Quelques précisions sur le support. Il s’agit d’une diapositive monochrome (plus particulièrement sépia) sur plaque de verre en vue stéréoscopique. Ce type de photographie est destiné à être vu par transparence ou projeté. La stéréoscopie, c’est-à-dire la juxtaposition des deux images, permet de recréer la sensation du relief.

 

La discipline de la photographie connaît de rapides progrès techniques dès la fin du XIXe siècle. Les frères Lumière mettent au point la plaque photographique sèche, disponible dans le commerce dès les années 1890. Auparavant, le photographe devait étaler l’émulsion photographique sur le verre humide au moment de l’emploi. De plus, la pratique amateur se développe grâce à une industrialisation notamment d’appareils d’utilisation simple, de taille réduite et de faible coût. Au début du XXe siècle, la mode est à la prise de vue stéréoscopique de reportage sur la vie familiale et sociale.

 

Dès lors, au déclenchement de la guerre, bon nombre de poilus emportent dans leur paquetage un appareil photographique comme le Vérascope[1] pour fixer leur quotidien.
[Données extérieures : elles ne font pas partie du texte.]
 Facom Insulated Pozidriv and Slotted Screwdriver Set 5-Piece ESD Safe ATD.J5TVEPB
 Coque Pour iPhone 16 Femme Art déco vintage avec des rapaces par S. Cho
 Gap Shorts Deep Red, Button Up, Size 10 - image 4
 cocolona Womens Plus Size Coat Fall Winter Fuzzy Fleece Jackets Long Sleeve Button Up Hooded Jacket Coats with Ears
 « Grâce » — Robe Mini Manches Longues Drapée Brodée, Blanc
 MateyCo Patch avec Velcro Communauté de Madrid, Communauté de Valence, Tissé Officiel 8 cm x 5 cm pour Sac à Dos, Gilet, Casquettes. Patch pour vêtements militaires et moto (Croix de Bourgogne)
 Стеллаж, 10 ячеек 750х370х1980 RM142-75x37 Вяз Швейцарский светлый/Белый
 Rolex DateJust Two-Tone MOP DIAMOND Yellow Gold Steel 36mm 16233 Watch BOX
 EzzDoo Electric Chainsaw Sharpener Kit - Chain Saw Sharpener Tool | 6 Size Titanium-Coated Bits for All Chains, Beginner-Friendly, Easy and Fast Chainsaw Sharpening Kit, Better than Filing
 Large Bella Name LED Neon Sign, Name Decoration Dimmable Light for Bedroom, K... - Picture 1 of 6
À l’été 1915, le haut commandement de l’armée française interdit l’usage d’appareils photographiques non autorisés, alors que quelques mois plus tôt est créée la Section photographique de l’armée (SPA). Les opérateurs officiels de l’armée sont alors les seuls susceptibles de prendre des clichés dans les zones de combat à des fins de propagande et de mémoire immédiate du conflit. Pourtant, malgré la règlementation, des milliers de photographies sont prises par les soldats pendant toute la durée de la guerre (très peu toutefois pendant la guerre de mouvement de la fin de l’année 1914). Au même titre que les jeux de cartes ou l’artisanat, la photographie apparaît comme un loisir, certes pratiquée essentiellement par des officiers, au gré des longs moments d’attente au front.

 

En ce qui concerne ce document, ni l’auteur ni la date nous sont connus, mais la légende sur la plaque ainsi que l’iconographie elle-même indiquent l’extrême proximité de la zone de combat : le secteur de Craonne sur le Chemin des Dames, qui reste au cœur du front tout au long du conflit. Ainsi, le village de Craonne est détruit dès septembre 1914 lors de la première bataille de l’Aisne. Ce cliché a donc été pris dans un village des alentours (où subsistent encore les murs de l’église), à l’abri des premières lignes, très certainement en 1917. Le photographe choisit de fixer un moment emblématique de la vie quotidienne militaire : quand les hommes se pressent autour de la roulante. La cuisine roulante est un engin mobile qui peut se déplacer jusqu’à la tranchée pour les nourrir. Ici, l’homme de soupe (le cuisinier) à cheval sur sa roulante distribue la popote à des soldats dont le visage reste enfoui sous leur casque.

 

Si cette photographie figure un moment de répit dans une guerre terriblement inhumaine, elle est cependant un rare exemple au sein du fonds dont elle est issue. Ce fonds, comportant 125 autres plaques de verre et coté 55 Fi, s’intitule Champs de bataille de l’Aisne. Il est essentiellement constitué de photographies montrant la terre avec ses tranchées et son encombrement de matériel de guerre, des villages rasés, des monuments en ruine, des forêts ravagées et des cadavres abandonnés. L’ensemble du 55 Fi sera prochainement mis en ligne dans la rubrique « archives numérisées ».

 

 

Bibliographie :

Frédéric Lacaille, Anthony Petiteau, Photographies de poilus, soldats photographes au cœur de la Grande Guerre, Paris, Somogy éditions d’art, 2004 (Arch. dép. Aisne, 4° 897)

 

 

[1] Vérascope Richard : modèle typique d’appareil stéréoscopique, certainement utilisé ici.